Dataset entries
_ _ _ _ _

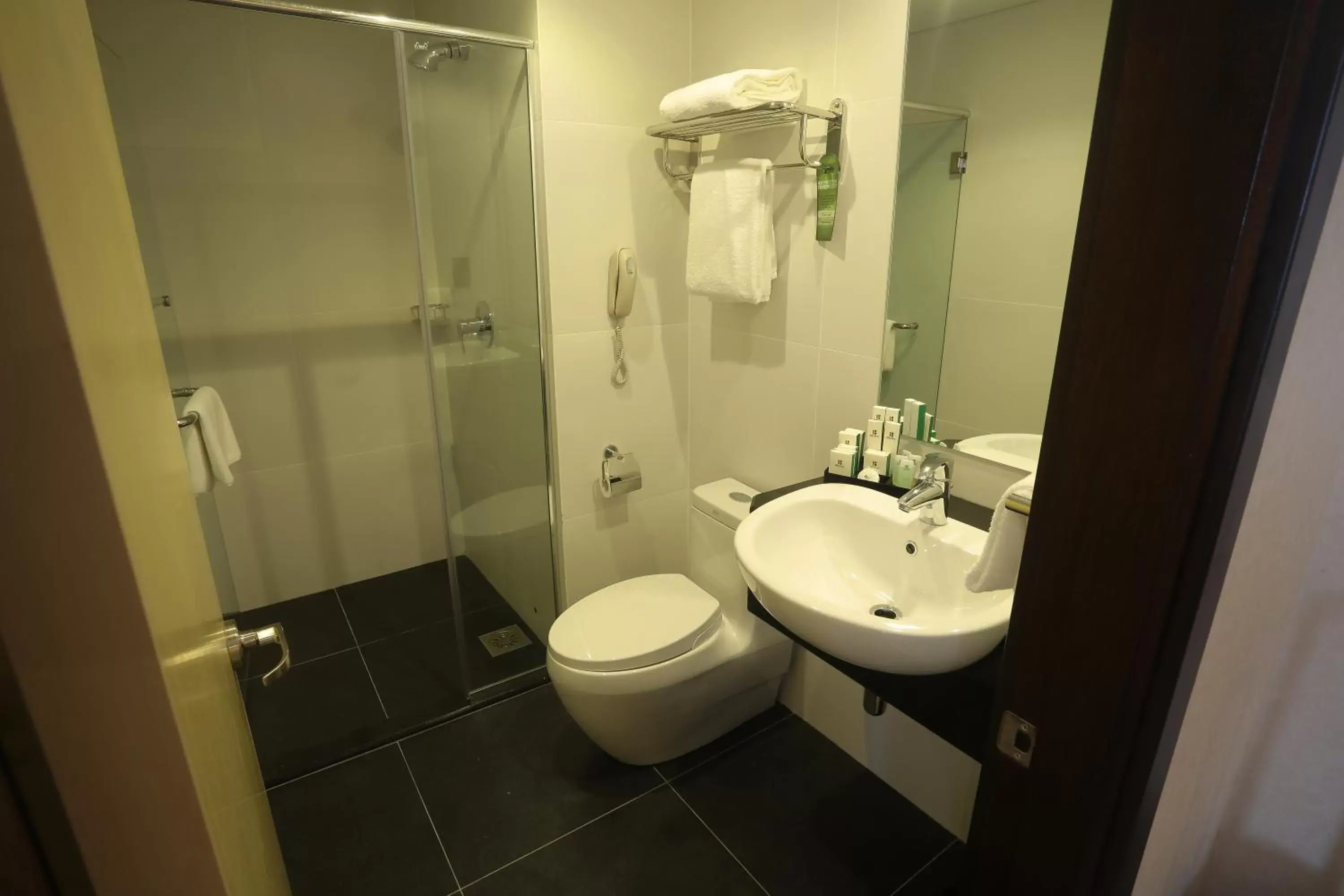 Bathroom in Imperial Riverbank Hotel Kuching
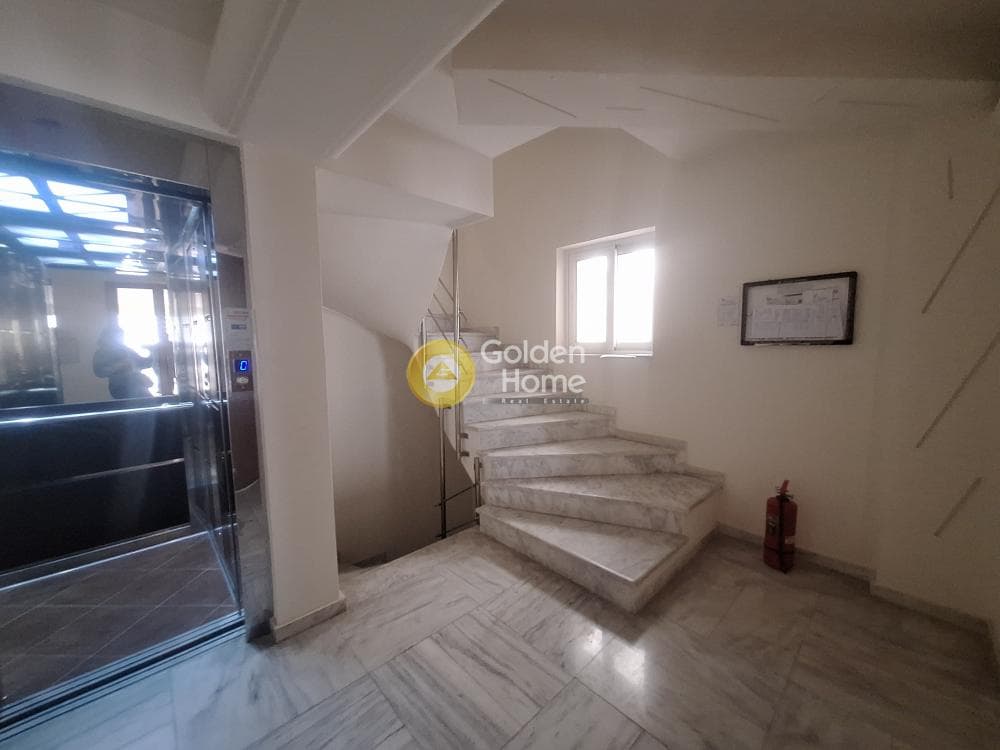 Apartment in Mitropoli, Piraeus — Photo 16 of 17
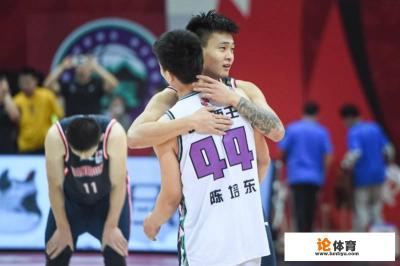 广东后卫竞争白热化，徐杰和胡明轩的崛起，赵睿是到天花板了吗？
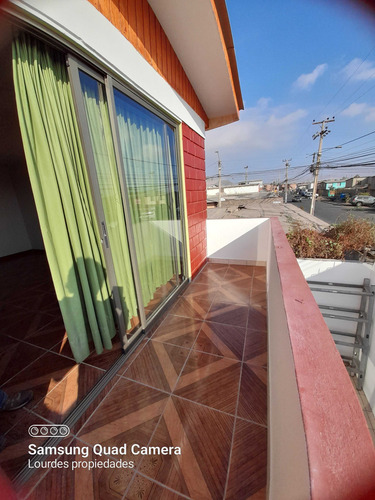 Se Vende Casa Amplia En Avenida (101243)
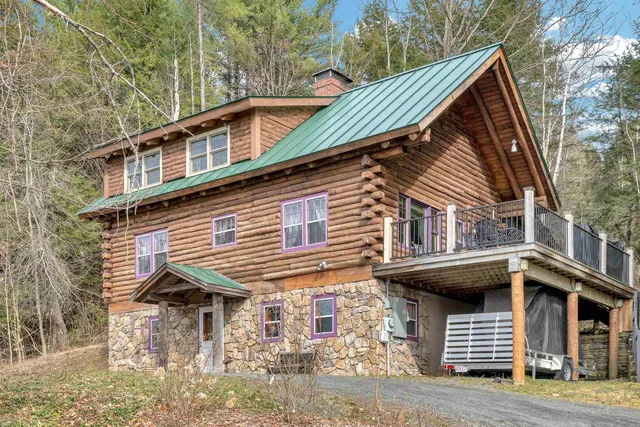 $795,000 | 211 Wood Road, Hartford, VT 05059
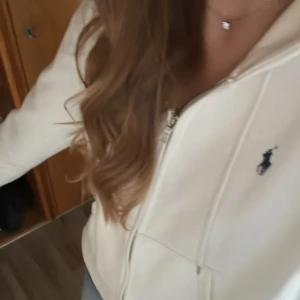 Vit hoodie från Polo Ralph Lauren - Supergullig hoodie från Ralph som jag säljer för att den inte används. Fick den i julas och har aldrig haft på mig den, så är i perfekt skick 🩷. Supermysig och varm nu till hösten! Pris kan diskuteras!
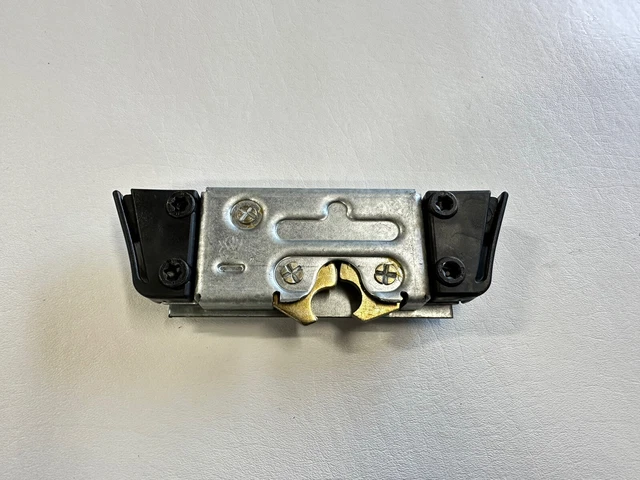 Mack Truck 25165875 LH DOOR LATCH OEM 9QX34M Models CH CK CX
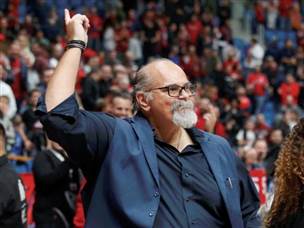 חגג בארנה (אלן שיבר)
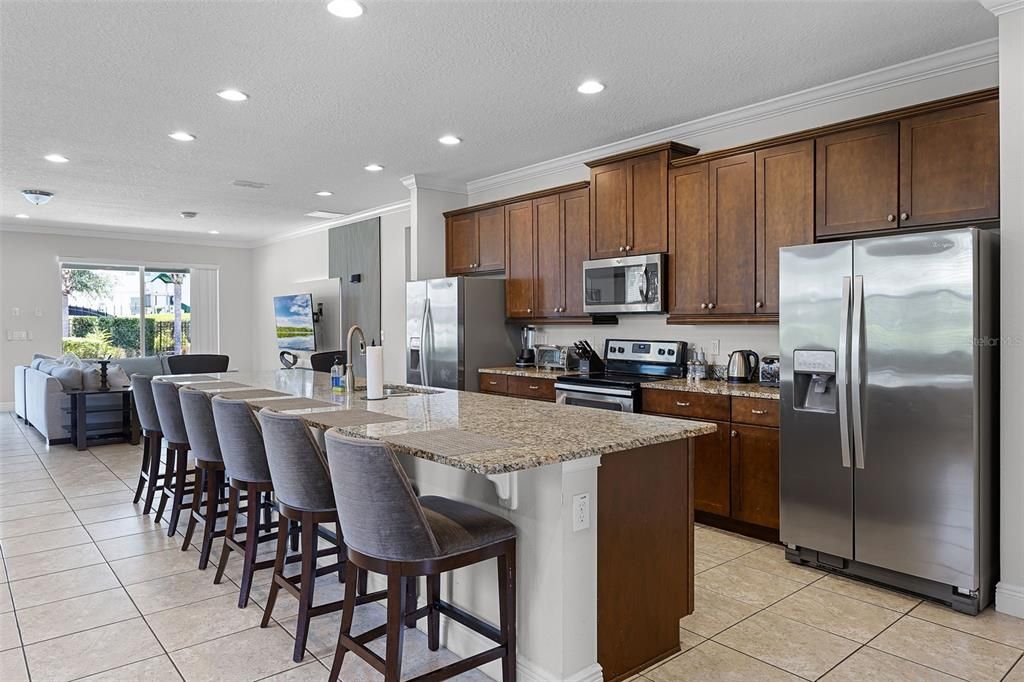 For Sale: $950,000 (9 beds, 8 baths, 4630 Square Feet)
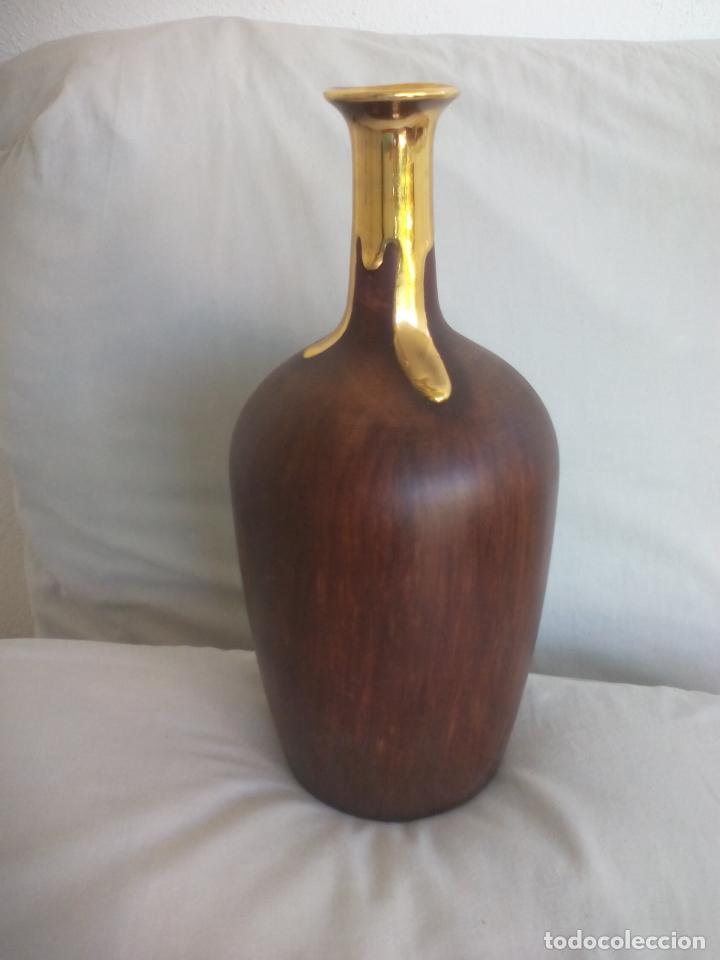 Vintage: JARRON O FLORERO DE PORCELANA O CER&Aacute;MICA. 31 CM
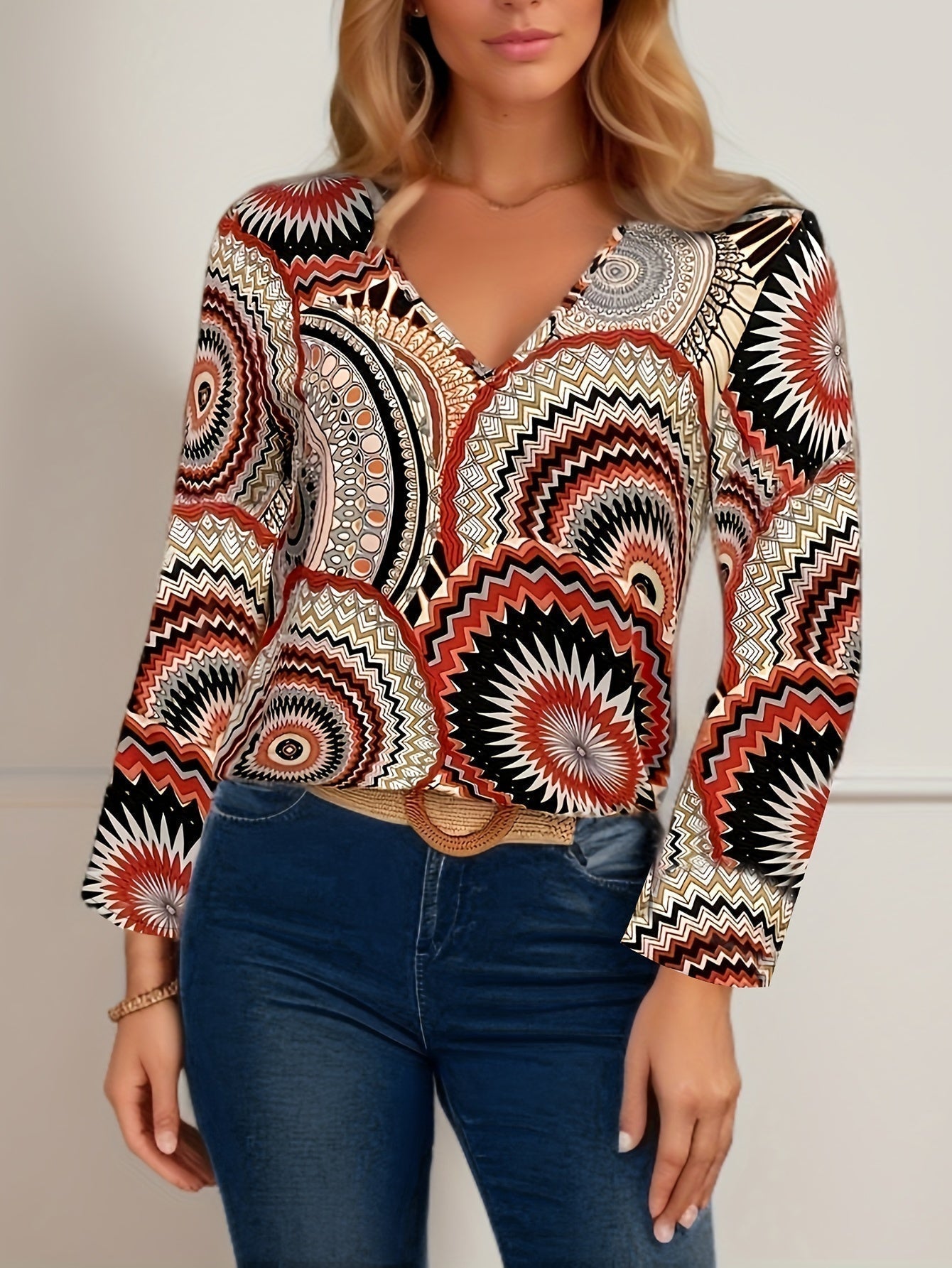 Marta - Elegante Bluse mit langen Ärmeln und V-Ausschnitt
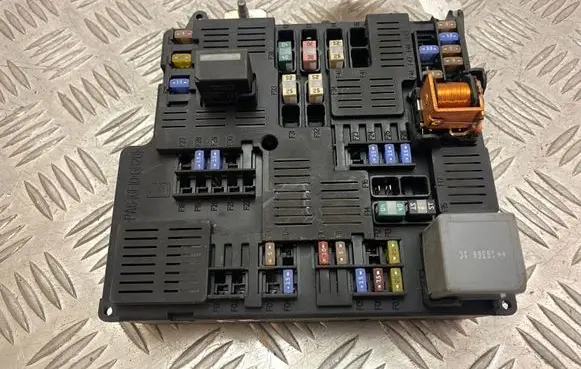 Volvo XC90 Fuse module 31473770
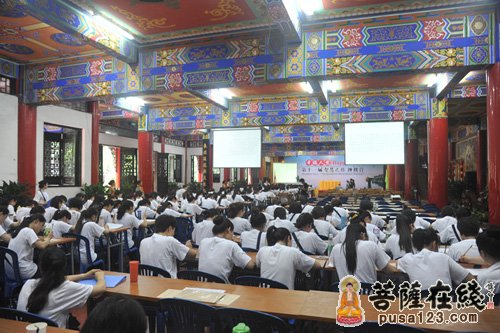文殊院-成都文殊院禅修营 营员抄经坐禅体验“传统”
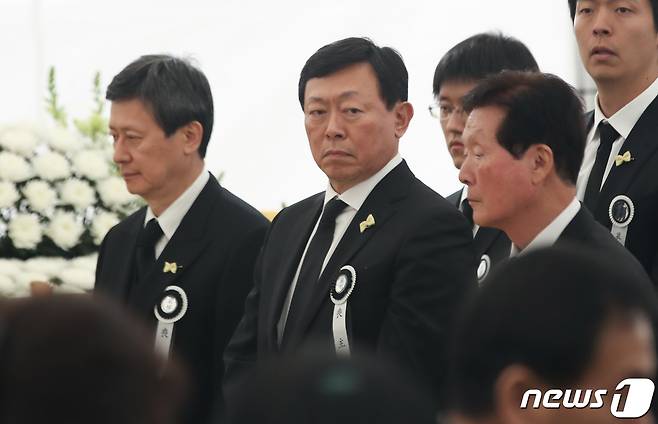 신동빈 롯데그룹 회장과 신동주 SDJ코퍼레이션 회장이 22일 오후 울산시 울주군 삼동면 롯데별장에서 고 신격호 롯데그룹 명예회장 노제를 지내고 있다. 2020.1.22/뉴스1 © News1 윤일지 기자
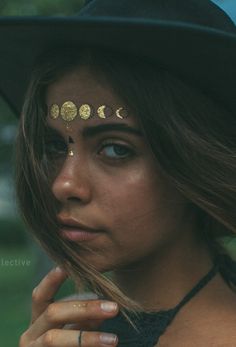 ••AshleighMagee•• Earth Warrior, Mimi Elashiry, Henne Tattoo, Festival Inspo, Estilo Hippie, Festival Inspiration, Foto Poses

_ _ _ _ _

Pictures should be skipped, and the records retyped word for word.

 Bathroom in Imperial Riverbank Hotel Kuching
 Apartment in Mitropoli, Piraeus — Photo 16 of 17
 广东后卫竞争白热化，徐杰和胡明轩的崛起，赵睿是到天花板了吗？
 Se Vende Casa Amplia En Avenida (101243)
 $795,000 | 211 Wood Road, Hartford, VT 05059
 Vit hoodie från Polo Ralph Lauren - Supergullig hoodie från Ralph som jag säljer för att den inte används. Fick den i julas och har aldrig haft på mig den, så är i perfekt skick 🩷. Supermysig och varm nu till hösten! Pris kan diskuteras!
 Mack Truck 25165875 LH DOOR LATCH OEM 9QX34M Models CH CK CX
 חגג בארנה (אלן שיבר)
 For Sale: $950,000 (9 beds, 8 baths, 4630 Square Feet)
 Vintage: JARRON O FLORERO DE PORCELANA O CER&Aacute;MICA. 31 CM
 Marta - Elegante Bluse mit langen Ärmeln und V-Ausschnitt
 Volvo XC90 Fuse module 31473770
文殊院-成都文殊院禅修营 营员抄经坐禅体验“传统”
 신동빈 롯데그룹 회장과 신동주 SDJ코퍼레이션 회장이 22일 오후 울산시 울주군 삼동면 롯데별장에서 고 신격호 롯데그룹 명예회장 노제를 지내고 있다. 2020.1.22/뉴스1 © News1 윤일지 기자
 ••AshleighMagee•• Earth Warrior, Mimi Elashiry, Henne Tattoo, Festival Inspo, Estilo Hippie, Festival Inspiration, Foto Poses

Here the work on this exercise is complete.